# removing tannins from tank



## Juicebox (Oct 24, 2012)

the new piece of driftwood is making the water in my tank a little too dark for my liking.yesterday i did a 50 percent water change and today its just as dark as itwas before the change..whats my options here to remove the tannins without removing the piece of driftwood? should i be doing big water changes every 1 day or 2 days? idont know how often is safe for my fish?? and how much water should i do in each change?


----------



## Nothingness (Oct 11, 2012)

after some time the driftwood will stop leaking tannins in to the water so just do your routine water changes to not upset the water balance too much, esp if your currently cycling the tank. Know that in about a month or 2 the tannin issue won't be problem anymore. Alot of people will soak new driftwood for weeks to leach out the tannins before placing it in a tank


----------



## ao (Feb 29, 2012)

purigen works well if you're not up for manual removal :3


----------



## Skyewillow (Dec 28, 2012)

Bettas come from "blackwater" habitats, where driftwood, roots, and leaves decompose in the water, causing it to look like tea. I wouldn't worry about the tannins, as unsightly as it is, I'm sure your bettas are enjoying it.


----------



## Bounce (May 26, 2012)

Running carbon in your filter will also help with removing tannins.


----------



## Oldfishlady (Mar 1, 2010)

Using activated carbon _Bounce_ suggested and water changes-is about all you can do until the wood stops leaching large amount of tannins. I had to use some short term in one of my soil based tanks due to the wood I used last year myself. It took about a month before it stopped leaching large amounts of tannins and water logged...lol.....Then I stopped using the carbon.

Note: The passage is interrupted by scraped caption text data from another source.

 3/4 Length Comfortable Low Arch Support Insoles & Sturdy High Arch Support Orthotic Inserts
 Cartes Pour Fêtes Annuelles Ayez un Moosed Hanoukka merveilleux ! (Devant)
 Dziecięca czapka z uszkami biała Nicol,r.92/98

You will need to change out the carbon weekly-depending on the quality and amount you use-along with 50% weekly water changes and if your tank is glass-you can use a razor blade to remove the tannin stains off the viewing walls-acrylic tanks can be a challenge to get them off-

The tannin stains on the viewing wall can sometimes make it look like the water is much darker than it really is.


----------



## LittleBettaFish (Oct 2, 2010)

I hear purigen like Aokashi mentioned is the best at removing tannins. A lot of planted peope use it in their tanks. 

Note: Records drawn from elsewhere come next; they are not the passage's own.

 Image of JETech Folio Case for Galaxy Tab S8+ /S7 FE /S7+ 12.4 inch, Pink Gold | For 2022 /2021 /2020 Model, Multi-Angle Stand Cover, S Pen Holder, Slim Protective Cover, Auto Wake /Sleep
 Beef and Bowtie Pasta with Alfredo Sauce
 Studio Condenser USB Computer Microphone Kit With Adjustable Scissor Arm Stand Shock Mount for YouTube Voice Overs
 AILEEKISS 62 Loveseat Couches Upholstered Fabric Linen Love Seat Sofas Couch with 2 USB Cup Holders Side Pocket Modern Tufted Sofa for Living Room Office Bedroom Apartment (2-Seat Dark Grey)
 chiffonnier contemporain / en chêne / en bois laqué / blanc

OFL can I ask what a tannin stain is? All my tanks are tannin heavy and I have noticed that on the outside of the tanks I get almost hard water type marks that can only be scraped off. I wondered if this was because of how acidic my water is, or the acidic water reacting with the plastic wrap I use to cover my tanks.


----------



## Oldfishlady (Mar 1, 2010)

Tannin stains are just that...stains from the tannins-they adhere to everything and stain them-usually brown or whatever color the tannins are to start with.

When you lower the water level you can usually see the color difference or if you use a razor on glass ONLY-you can see the difference too.

The hard water mineral deposits you can see at the water line and on the partitions between the light/water, filter, heaters...etc....just about anything that water hits...Its normal and expected with water that has minerals in it. It need to be manually removed on occasion along with water changes as a regular part of maintaining the tank. You don't want to try and get rid of the minerals in the water since they are important for the health of the system and livestock. Just one of those things we have to deal with.....Its not a bad thing just a pain sometimes....lol....


----------



## LittleBettaFish (Oct 2, 2010)

Hm never had an issue with tannins leaving behind marks on my glass before. 

The trouble is my water isn't hard at all. Melbourne has some of the softest water, it has 0 carbonate hardness coming from the tap and then the pH does a big drop from 7 to around 6 if left to sit overnight. With the IAL and peat moss I use the pH is really low. 

This is why I was wondering what the tannin marks were. Thought maybe what you were talking about was what I had experienced.


----------